Task to carry out: Could you filter the records below and keep only the lines with the word "Casa"?

Crawled caption data:
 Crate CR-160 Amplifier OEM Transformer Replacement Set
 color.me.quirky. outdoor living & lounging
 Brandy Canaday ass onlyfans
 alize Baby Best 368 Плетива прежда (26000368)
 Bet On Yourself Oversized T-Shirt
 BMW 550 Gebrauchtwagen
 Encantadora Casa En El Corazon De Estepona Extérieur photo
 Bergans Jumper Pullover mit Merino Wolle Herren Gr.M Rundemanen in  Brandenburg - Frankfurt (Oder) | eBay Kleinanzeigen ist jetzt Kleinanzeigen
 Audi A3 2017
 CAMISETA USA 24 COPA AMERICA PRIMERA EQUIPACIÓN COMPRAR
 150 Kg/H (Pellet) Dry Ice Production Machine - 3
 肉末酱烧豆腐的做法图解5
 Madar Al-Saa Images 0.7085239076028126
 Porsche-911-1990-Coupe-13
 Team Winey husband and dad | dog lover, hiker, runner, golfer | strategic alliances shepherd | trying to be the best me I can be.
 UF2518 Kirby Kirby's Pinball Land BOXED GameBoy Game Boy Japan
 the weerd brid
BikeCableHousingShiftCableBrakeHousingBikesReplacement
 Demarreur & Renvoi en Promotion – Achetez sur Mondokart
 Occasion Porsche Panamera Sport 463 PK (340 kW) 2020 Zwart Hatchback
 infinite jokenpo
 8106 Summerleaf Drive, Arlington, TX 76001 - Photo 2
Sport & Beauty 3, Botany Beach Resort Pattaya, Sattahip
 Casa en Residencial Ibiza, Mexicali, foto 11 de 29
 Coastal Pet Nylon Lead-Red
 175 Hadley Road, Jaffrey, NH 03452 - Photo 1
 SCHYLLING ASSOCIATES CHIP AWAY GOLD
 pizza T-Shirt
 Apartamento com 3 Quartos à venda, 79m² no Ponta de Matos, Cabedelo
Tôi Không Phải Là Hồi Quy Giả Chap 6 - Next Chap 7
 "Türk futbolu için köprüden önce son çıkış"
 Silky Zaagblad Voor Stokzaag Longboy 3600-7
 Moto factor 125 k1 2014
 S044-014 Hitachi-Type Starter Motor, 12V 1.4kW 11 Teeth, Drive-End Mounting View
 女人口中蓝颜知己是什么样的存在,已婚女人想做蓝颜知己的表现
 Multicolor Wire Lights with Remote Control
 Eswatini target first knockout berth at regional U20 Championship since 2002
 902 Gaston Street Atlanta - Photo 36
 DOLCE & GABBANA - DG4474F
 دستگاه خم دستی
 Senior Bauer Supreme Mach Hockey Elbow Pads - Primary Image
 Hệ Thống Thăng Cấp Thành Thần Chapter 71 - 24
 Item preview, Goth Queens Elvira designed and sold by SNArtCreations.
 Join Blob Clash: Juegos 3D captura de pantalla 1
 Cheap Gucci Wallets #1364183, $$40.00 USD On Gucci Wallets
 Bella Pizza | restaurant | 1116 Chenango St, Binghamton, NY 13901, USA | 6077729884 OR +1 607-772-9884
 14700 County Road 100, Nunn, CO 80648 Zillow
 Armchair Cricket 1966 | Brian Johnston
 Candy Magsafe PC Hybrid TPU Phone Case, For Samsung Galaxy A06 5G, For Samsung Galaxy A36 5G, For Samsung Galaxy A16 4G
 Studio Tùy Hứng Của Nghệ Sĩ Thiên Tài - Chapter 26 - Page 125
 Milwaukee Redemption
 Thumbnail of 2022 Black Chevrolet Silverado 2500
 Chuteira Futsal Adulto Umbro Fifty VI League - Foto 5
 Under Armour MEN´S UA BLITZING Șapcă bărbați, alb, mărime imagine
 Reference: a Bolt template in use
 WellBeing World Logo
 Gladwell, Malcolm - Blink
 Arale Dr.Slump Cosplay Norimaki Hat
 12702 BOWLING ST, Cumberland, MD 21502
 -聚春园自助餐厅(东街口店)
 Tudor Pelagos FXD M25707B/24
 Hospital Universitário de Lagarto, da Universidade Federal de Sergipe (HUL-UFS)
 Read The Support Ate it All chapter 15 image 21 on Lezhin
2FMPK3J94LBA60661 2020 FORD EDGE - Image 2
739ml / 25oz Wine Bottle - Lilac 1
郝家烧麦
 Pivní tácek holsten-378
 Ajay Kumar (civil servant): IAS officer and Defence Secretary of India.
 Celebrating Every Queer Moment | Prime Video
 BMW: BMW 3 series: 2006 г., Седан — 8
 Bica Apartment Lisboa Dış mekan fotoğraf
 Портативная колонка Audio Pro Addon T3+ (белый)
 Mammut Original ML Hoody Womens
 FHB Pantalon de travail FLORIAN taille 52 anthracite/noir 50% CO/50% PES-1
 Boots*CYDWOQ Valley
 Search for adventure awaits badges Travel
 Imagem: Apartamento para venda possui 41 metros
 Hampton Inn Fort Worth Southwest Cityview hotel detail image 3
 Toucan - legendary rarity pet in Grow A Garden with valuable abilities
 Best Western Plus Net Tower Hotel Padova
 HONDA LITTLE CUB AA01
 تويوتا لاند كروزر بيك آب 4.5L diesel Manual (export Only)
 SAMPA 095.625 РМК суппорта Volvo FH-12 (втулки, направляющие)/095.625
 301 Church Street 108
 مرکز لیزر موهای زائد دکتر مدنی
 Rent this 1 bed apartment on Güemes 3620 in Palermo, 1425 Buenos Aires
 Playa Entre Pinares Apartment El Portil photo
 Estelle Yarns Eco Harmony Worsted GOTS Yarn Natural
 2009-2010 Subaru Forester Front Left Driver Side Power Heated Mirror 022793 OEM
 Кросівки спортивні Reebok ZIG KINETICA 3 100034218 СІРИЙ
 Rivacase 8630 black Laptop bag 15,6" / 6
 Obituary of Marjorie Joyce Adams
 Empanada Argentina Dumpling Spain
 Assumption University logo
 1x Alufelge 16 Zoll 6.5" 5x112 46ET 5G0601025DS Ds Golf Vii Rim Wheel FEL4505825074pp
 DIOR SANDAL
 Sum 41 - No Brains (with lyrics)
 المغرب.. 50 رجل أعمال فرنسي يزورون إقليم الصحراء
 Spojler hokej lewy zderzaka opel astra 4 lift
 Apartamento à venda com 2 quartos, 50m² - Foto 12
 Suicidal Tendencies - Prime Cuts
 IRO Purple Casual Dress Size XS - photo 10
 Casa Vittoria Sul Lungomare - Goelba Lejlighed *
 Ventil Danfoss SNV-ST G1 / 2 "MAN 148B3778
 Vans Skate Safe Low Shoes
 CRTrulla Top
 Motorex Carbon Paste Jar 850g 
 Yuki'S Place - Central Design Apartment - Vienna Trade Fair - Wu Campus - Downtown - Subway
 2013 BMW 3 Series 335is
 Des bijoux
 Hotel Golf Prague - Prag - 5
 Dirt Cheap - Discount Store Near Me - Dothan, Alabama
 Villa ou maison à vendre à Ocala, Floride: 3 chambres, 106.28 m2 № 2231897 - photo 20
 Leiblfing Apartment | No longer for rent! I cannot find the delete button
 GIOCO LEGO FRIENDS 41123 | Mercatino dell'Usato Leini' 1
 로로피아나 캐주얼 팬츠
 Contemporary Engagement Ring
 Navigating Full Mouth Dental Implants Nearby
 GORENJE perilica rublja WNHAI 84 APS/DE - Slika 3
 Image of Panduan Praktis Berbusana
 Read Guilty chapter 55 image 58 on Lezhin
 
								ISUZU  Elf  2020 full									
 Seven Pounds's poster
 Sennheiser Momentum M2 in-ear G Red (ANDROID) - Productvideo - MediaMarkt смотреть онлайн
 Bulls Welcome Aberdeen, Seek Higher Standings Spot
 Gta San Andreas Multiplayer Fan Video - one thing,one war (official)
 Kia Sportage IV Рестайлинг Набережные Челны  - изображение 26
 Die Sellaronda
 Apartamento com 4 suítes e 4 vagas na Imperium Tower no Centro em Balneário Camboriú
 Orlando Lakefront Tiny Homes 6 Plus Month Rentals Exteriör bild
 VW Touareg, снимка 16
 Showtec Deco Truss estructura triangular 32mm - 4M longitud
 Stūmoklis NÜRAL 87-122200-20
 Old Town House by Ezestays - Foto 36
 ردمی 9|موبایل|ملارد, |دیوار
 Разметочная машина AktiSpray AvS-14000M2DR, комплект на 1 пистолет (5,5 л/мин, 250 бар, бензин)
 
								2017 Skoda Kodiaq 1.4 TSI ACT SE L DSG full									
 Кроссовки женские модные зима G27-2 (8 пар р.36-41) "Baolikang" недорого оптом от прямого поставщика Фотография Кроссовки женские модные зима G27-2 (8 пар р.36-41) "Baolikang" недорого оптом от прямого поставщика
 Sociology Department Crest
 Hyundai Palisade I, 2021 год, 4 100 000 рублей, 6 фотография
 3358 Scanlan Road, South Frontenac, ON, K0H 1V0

Task answer:
 Encantadora Casa En El Corazon De Estepona Extérieur photo
 Casa en Residencial Ibiza, Mexicali, foto 11 de 29
 Casa Vittoria Sul Lungomare - Goelba Lejlighed *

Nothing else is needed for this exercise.